Provide only the number of lines in the records below that contain "from".

[Data under study Boundary: Start]

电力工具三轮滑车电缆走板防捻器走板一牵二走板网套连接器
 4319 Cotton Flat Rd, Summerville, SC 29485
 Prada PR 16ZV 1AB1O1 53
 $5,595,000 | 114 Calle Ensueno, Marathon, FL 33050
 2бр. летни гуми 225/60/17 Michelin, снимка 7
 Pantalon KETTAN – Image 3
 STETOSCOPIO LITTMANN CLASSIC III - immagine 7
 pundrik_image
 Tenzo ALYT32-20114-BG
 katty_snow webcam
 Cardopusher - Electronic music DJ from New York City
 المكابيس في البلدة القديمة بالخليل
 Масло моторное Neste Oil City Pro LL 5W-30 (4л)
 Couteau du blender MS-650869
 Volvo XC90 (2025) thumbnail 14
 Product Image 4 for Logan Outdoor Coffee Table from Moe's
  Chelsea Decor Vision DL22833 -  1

[Data under study Boundary: End]

* _Your response_
2